Some people treat algorithms as the holy grail of understanding. In reality, all algorithms are flawed and this should humble us. Nothing is ever clean cut, instead, reality lies across a probability distribution. There is a large probability that earth will still be around tomorrow, but there is also a nonzero probability that a meteor will wipe it out. Doubt is important for any rational decision maker.

That being said, outcomes aren’t necessarily as important as the decision process that went into them. Optimizing our decision process is still the best strategy, even if the outcome isn’t always accurate. Deciding to plan my day as if the earth will still be around tomorrow is still the optimal strategy.

The key insight is that even if a decision rule is wrong 90% of the time, it may still be useful. The world is complicated, and sometimes being right 10% of the time is a huge accomplishment.

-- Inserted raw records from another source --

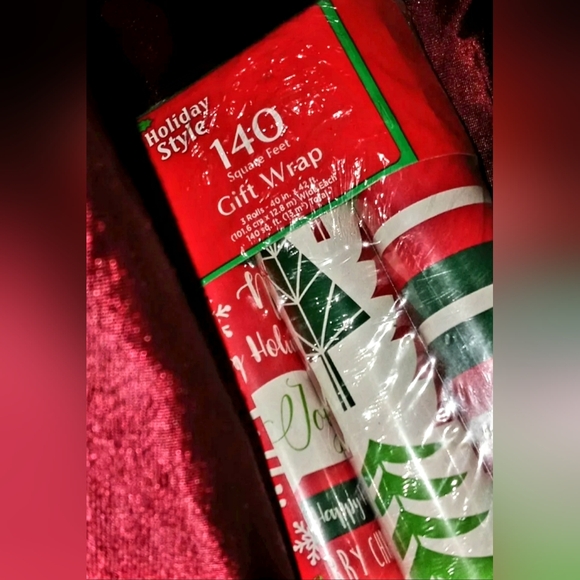 Twelve Piece Christmas Gift Wrapping & Decor Set - Picture 8 of 9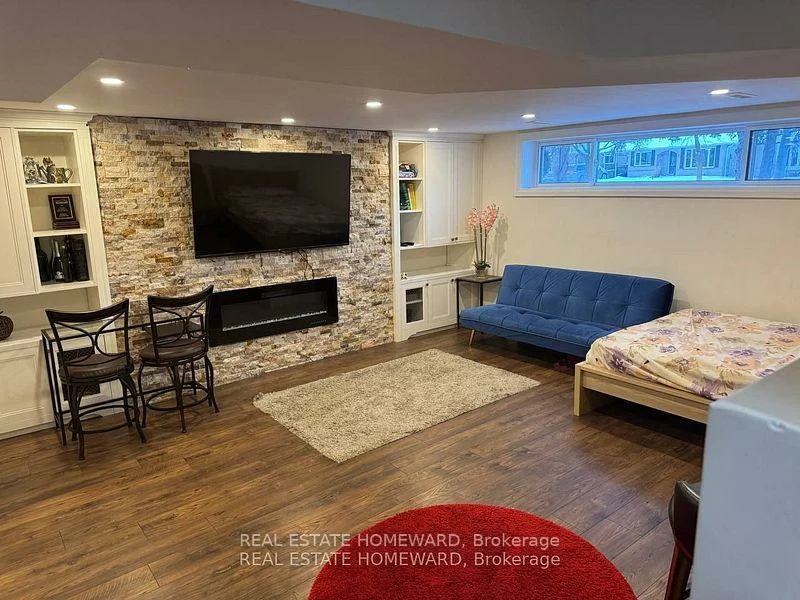 13, Devins, Aurora Heights, Aurora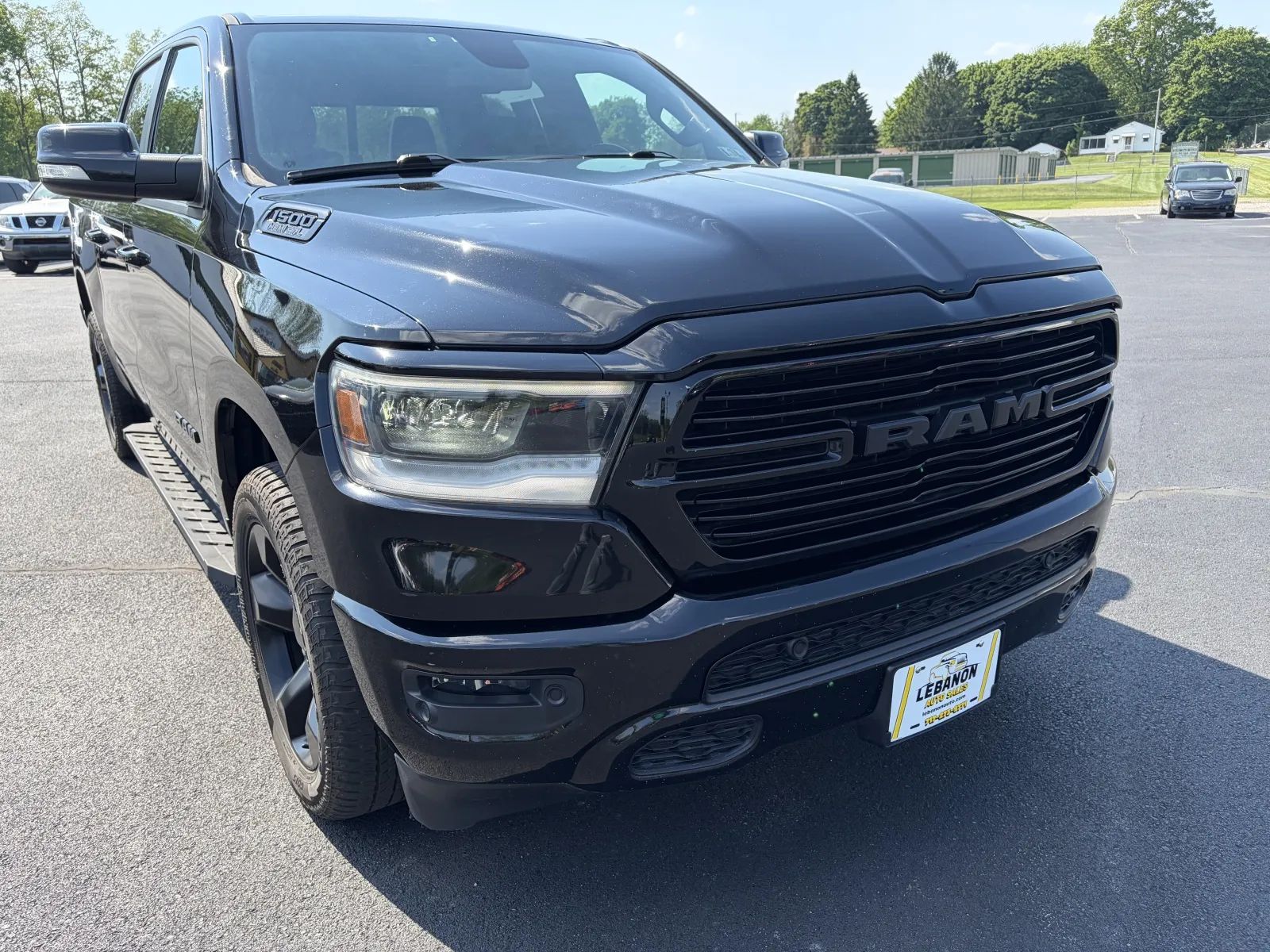 View vehicle photo 2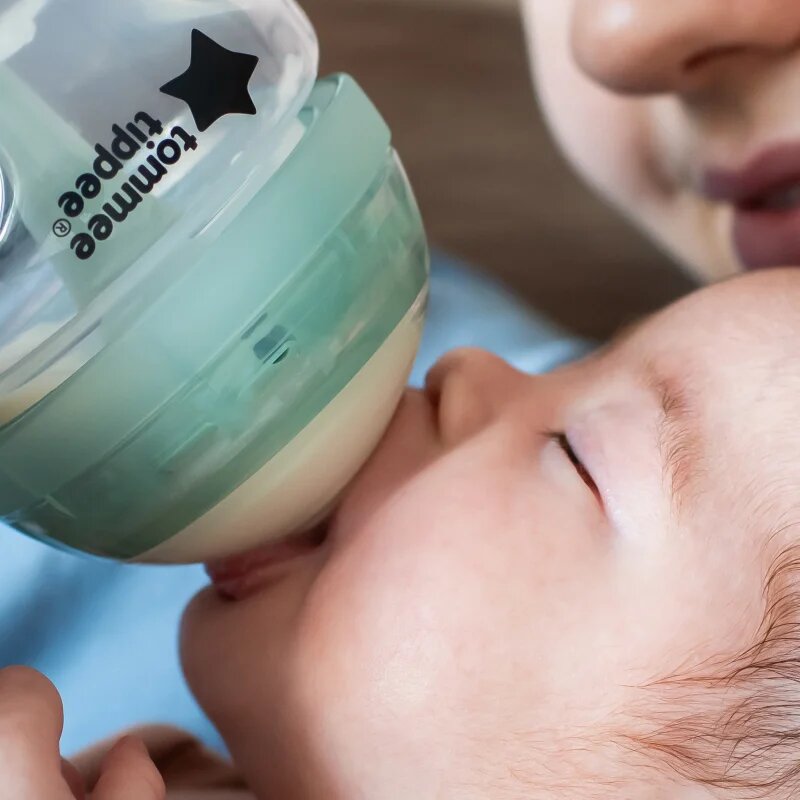 Tommee Tippee Advanced Anti-Colic samosterilizační kojenecká láhev anti-colic Slow Flow 0m+ 2x260 ml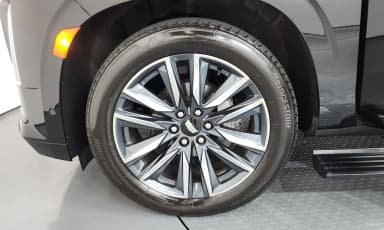 Escalade 5th Generation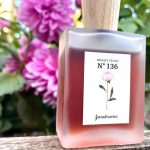 عطر ادکلن نو وان سیس بریت پئونی استرادیواریوس - No 136 Bright Peony Stradivarius - بررسی، قیمت و خرید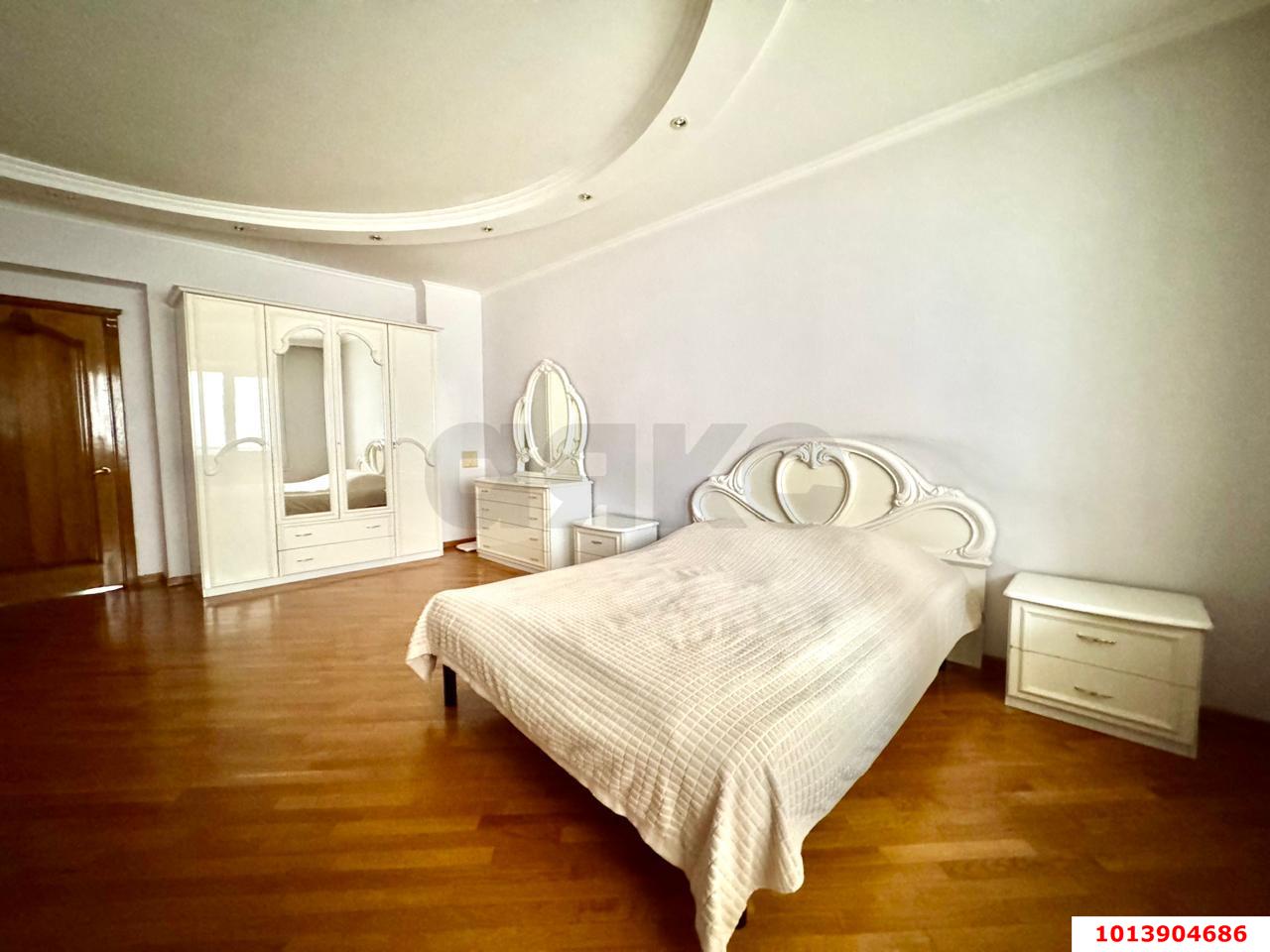 Фото №6: 4-комнатная квартира 150 м² - Краснодар, Прикубанский внутригородской округ, мкр. Фестивальный, ул. Яна Полуяна, 17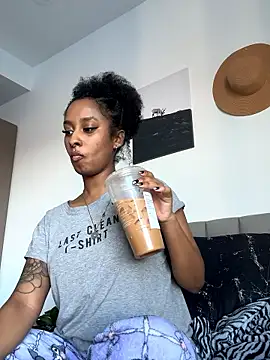 Your Paris online show from 01-15-26, 09:18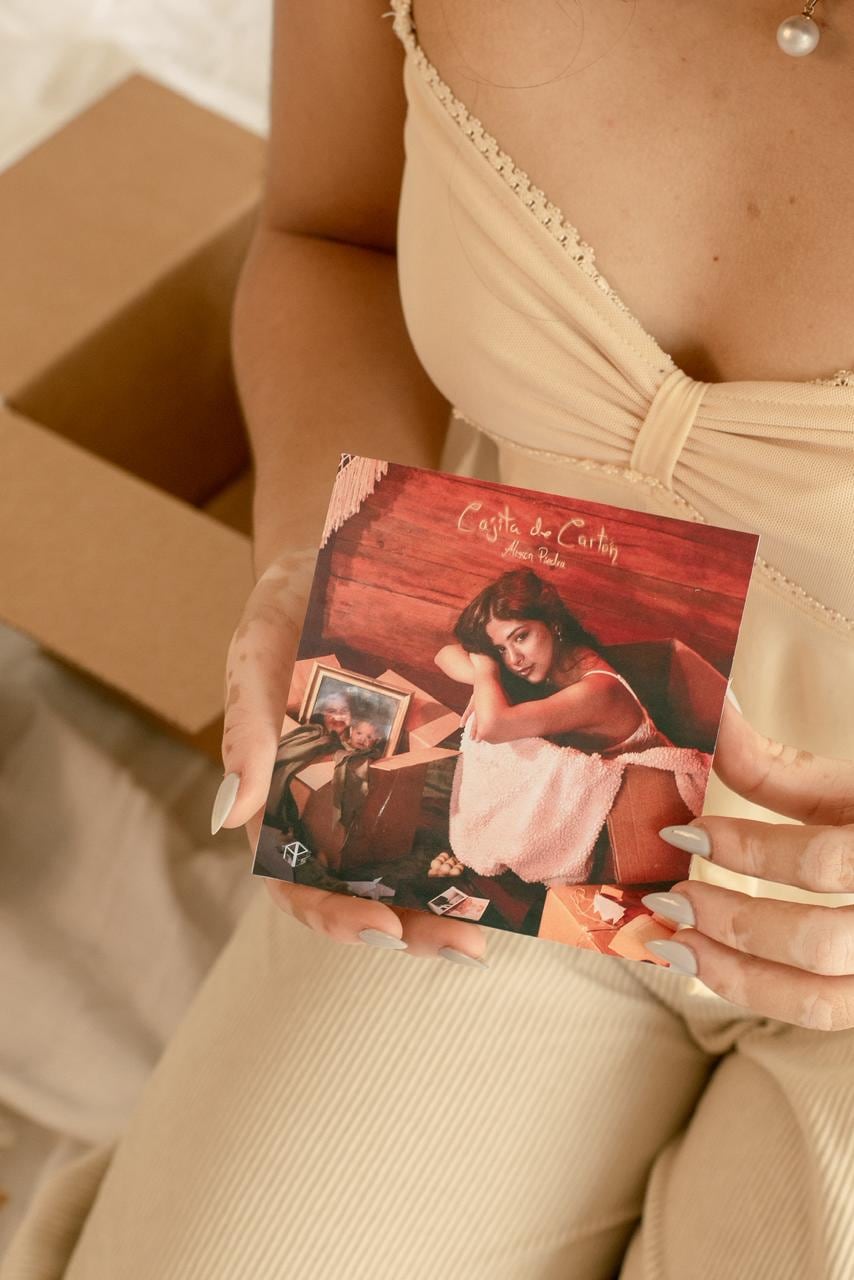 La cantante sancarleña Alisson Piedra lanzó su primer EP "Cajita de cartón"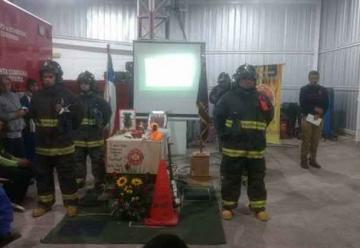 Con guardia de honor despiden a «perro bombero» en Coquimbo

How this relates to investing

Albert Einstein said, “If you can’t explain something simply, you don’t understand it well enough.” Oftentimes in investing, we seek to know every little detail of a company. We start modeling the intricacies of daily weather patterns on the future growth rate of operating expenses. All of this does us a disservice. Our models need to separate the important information from the noise in the world, and there is far more noise in the world.

We also often get so bogged down in the search for more information, that we never act on it. There is always a news report to read, a new study to to take, or a new model to try. At some point we need to stop searching for more information and just make a decision. The 37% rule could help us here.


Algorithmic thinking helps solve problems by understanding and optimizing the parameters that go into those problems. Algorithmic thinking uses a continuous process of optimization and understands that an algorithm will almost never be 100% accurate.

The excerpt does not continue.